Consideration should be given to tearing down all routines-except the most essential, such as annual customer satisfaction surveys-that get us into ruts, that dull our senses and thinking, that stifle creativity and otherwise destroy our ability to compete.
We must encourage the flow of new ideas and information to help identify opportunities to change, grow, and innovate, and therefore to make easier the introduction of new products and practices (such as sharing of strategic and financial strategies with all key personnel).
When in doubt, experiment with new ideas through pilot testing: for example, a bank with no branches, credit scoring for small-business loans, or new methods of integrating the delivery of existing products to targeted customer segments.
And if an experiment fails, we must learn to learn from those mistakes.
Second, we must develop a shared, compelling vision for the bank's future, not based solely on profits.
One example of a "new model" might be a bank that focuses on financing the needs of customers that buy mobile homes and RVs. But articulating a clear vision alone is not enough to make the change happen.
Third, we must communicate the shared need for the new agenda effectively, to inspire people to act in ways that make the new vision a reality. That means sharing both good and bad news on such matters as financial performance and customer satisfaction indices.

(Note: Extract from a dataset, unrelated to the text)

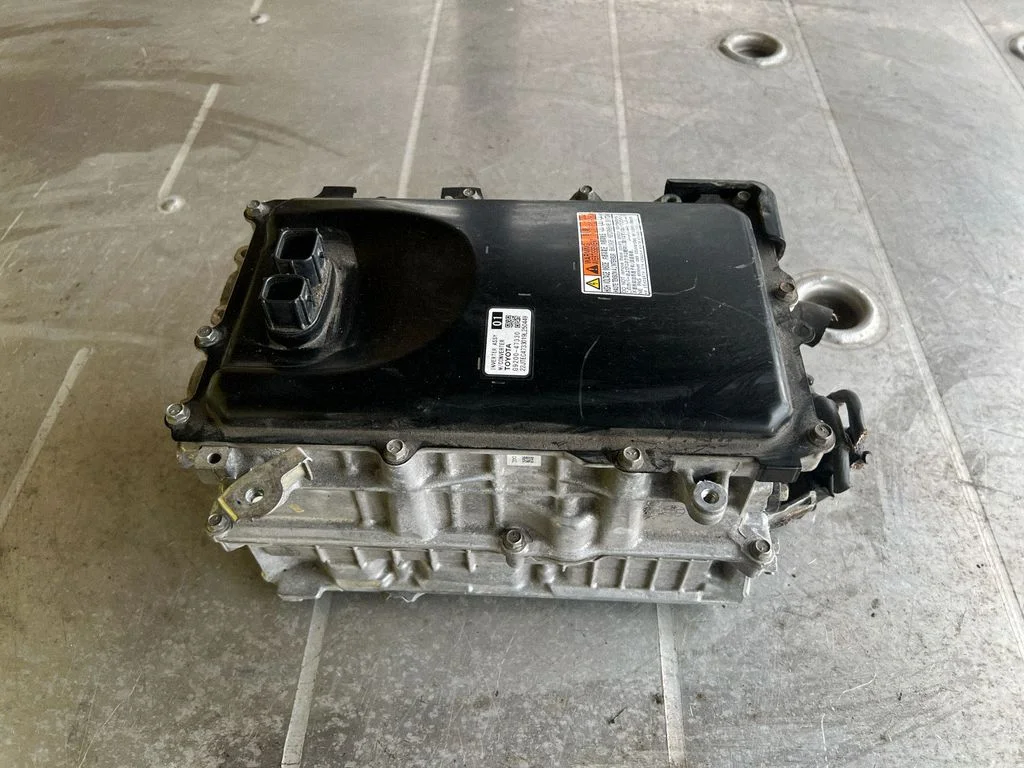 Inverter (pingemuundur) – Toyota C-HR I (2016-2023)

A partnership style of management and leadership can help align, motivate, and manage the employees.
A team-spirited climate encourages them to do their best while feeling in charge of their own lives.
Otherwise, the best-laid plans are doomed to fail by creating anger and resentment, which in turn lead to poor execution and mediocre results.
Goals should likewise be linked to corporate strategy. Newsletters, kickoff meetings, individualized letters to employees, customers, and the like are a must.
Management, in short, must constantly "walk the talk" as champions, role models, and agents of change. Objectives and milestones must be measured and plans must change when they do not pan out as projected.
Fourth, we must foster collaboration by continually promoting and reinforcing the shared goals to build trust, strengthening people by assigning them real responsibility and the training to carry it out. Above all, we must reinforce this with incentives, like sharing a third of all earnings beyond the targeted goals.
The best approach to accomplishing this is by investing in the bank's biggest asset-human capital-by providing new skills, using technology in innovative ways to develop new products, new ways of marketing, and product delivery.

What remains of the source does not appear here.